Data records
= Beginning of Section =

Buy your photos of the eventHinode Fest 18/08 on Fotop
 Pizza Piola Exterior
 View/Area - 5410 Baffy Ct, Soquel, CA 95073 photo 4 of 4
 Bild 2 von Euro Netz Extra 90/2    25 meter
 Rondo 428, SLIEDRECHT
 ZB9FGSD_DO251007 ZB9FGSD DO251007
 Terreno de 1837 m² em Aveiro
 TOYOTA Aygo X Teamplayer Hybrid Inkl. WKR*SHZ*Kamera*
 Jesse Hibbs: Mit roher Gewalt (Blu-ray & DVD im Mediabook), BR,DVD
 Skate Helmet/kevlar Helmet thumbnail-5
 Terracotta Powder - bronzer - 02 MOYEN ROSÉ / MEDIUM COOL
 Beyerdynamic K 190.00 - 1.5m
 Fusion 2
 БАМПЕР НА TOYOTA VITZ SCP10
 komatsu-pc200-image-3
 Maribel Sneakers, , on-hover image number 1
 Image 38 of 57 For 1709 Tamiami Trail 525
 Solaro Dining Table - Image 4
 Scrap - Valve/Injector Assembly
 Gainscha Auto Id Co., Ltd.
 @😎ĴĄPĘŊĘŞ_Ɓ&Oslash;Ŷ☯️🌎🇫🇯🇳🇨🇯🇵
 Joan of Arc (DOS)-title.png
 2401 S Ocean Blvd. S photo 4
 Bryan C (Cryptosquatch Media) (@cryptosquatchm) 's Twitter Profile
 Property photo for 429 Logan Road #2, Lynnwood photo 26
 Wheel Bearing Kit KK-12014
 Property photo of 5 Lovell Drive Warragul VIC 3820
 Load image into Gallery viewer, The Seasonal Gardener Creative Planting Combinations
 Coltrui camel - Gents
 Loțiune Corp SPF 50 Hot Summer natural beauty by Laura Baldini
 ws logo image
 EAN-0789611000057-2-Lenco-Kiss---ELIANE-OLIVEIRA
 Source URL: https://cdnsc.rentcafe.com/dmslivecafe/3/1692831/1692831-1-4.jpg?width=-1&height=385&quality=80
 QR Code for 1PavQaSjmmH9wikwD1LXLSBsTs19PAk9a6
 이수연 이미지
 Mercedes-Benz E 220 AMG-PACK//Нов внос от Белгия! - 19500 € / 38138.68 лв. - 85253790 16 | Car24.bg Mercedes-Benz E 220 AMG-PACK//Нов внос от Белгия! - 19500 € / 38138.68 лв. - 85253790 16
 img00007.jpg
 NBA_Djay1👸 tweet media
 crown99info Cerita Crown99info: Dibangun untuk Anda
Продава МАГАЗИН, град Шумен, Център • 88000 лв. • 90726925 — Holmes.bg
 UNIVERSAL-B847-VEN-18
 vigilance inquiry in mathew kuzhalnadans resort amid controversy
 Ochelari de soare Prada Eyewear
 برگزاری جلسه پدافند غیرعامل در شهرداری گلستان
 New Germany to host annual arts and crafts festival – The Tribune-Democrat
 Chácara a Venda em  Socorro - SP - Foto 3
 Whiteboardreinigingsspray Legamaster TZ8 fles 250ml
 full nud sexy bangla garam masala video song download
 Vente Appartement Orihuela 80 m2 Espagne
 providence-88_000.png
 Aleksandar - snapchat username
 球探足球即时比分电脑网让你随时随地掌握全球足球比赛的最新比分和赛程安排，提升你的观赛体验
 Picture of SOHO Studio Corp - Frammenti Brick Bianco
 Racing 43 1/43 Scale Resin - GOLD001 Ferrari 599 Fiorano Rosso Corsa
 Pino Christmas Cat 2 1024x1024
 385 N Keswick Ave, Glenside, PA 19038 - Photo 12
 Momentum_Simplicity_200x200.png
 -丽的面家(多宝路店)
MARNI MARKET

= End of Section =

Task item: From the entries above, give again exactly the lines running from the line with "providence-88_000.png" to the line with "-丽的面家(多宝路店)"; include both of those lines.

Answer for this exercise:
 providence-88_000.png
 Aleksandar - snapchat username
 球探足球即时比分电脑网让你随时随地掌握全球足球比赛的最新比分和赛程安排，提升你的观赛体验
 Picture of SOHO Studio Corp - Frammenti Brick Bianco
 Racing 43 1/43 Scale Resin - GOLD001 Ferrari 599 Fiorano Rosso Corsa
 Pino Christmas Cat 2 1024x1024
 385 N Keswick Ave, Glenside, PA 19038 - Photo 12
 Momentum_Simplicity_200x200.png
 -丽的面家(多宝路店)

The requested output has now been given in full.